### REQUIRED WORK
Where a line of the records contains the word "from", show that line.

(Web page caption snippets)
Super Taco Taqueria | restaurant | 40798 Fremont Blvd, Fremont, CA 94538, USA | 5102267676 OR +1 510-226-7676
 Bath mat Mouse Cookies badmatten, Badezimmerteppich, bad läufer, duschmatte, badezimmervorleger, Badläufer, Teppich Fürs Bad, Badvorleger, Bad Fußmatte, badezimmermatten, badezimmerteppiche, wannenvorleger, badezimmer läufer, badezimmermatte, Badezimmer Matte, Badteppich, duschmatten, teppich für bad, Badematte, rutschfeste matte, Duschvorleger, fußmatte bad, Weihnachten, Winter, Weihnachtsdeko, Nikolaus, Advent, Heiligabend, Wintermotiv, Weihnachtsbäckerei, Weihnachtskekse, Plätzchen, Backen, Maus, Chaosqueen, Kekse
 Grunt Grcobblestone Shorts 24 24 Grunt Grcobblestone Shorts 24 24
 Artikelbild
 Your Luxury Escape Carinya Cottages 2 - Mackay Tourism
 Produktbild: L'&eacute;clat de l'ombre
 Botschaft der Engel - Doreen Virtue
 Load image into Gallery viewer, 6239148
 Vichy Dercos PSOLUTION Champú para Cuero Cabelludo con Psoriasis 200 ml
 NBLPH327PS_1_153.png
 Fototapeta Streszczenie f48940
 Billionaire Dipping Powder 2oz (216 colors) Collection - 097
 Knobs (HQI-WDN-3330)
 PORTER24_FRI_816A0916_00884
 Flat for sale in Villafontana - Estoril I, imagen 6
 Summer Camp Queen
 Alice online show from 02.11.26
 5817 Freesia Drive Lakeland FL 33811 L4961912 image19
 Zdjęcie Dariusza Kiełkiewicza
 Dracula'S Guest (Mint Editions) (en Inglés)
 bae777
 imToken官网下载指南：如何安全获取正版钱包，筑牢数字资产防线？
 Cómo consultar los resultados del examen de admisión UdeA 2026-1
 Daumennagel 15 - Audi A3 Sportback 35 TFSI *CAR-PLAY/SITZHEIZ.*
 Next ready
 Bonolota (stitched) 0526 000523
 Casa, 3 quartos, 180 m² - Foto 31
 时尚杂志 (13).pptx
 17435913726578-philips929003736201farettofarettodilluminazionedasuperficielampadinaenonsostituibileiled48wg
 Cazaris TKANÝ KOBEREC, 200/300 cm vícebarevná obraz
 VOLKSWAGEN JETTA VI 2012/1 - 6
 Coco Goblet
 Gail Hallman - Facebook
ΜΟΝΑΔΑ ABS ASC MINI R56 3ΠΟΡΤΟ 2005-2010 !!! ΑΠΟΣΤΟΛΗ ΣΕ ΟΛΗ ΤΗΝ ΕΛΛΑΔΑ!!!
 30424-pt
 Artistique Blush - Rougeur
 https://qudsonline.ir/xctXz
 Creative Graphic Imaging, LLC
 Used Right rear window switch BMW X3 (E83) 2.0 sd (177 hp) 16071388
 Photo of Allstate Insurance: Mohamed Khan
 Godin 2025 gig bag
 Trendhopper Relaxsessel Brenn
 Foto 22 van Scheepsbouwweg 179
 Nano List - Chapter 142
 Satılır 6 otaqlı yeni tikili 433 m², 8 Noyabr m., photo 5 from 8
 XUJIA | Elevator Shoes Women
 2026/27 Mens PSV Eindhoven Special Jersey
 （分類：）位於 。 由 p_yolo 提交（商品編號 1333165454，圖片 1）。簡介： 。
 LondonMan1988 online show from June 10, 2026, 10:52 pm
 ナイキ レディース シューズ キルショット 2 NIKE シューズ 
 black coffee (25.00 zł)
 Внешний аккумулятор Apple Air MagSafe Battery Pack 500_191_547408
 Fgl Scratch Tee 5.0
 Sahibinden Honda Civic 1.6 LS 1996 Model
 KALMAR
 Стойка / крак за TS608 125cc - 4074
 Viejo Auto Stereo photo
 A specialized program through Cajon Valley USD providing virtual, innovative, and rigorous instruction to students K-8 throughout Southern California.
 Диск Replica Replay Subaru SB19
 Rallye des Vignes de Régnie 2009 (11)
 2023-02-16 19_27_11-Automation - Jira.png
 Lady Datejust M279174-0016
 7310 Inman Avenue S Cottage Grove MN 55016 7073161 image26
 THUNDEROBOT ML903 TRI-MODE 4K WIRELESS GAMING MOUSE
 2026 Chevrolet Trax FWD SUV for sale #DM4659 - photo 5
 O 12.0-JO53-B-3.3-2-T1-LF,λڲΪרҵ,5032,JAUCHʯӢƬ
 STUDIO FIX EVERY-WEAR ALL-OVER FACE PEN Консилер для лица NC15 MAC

### ANSWER BOX
 Alice online show from 02.11.26
 Satılır 6 otaqlı yeni tikili 433 m², 8 Noyabr m., photo 5 from 8
 LondonMan1988 online show from June 10, 2026, 10:52 pm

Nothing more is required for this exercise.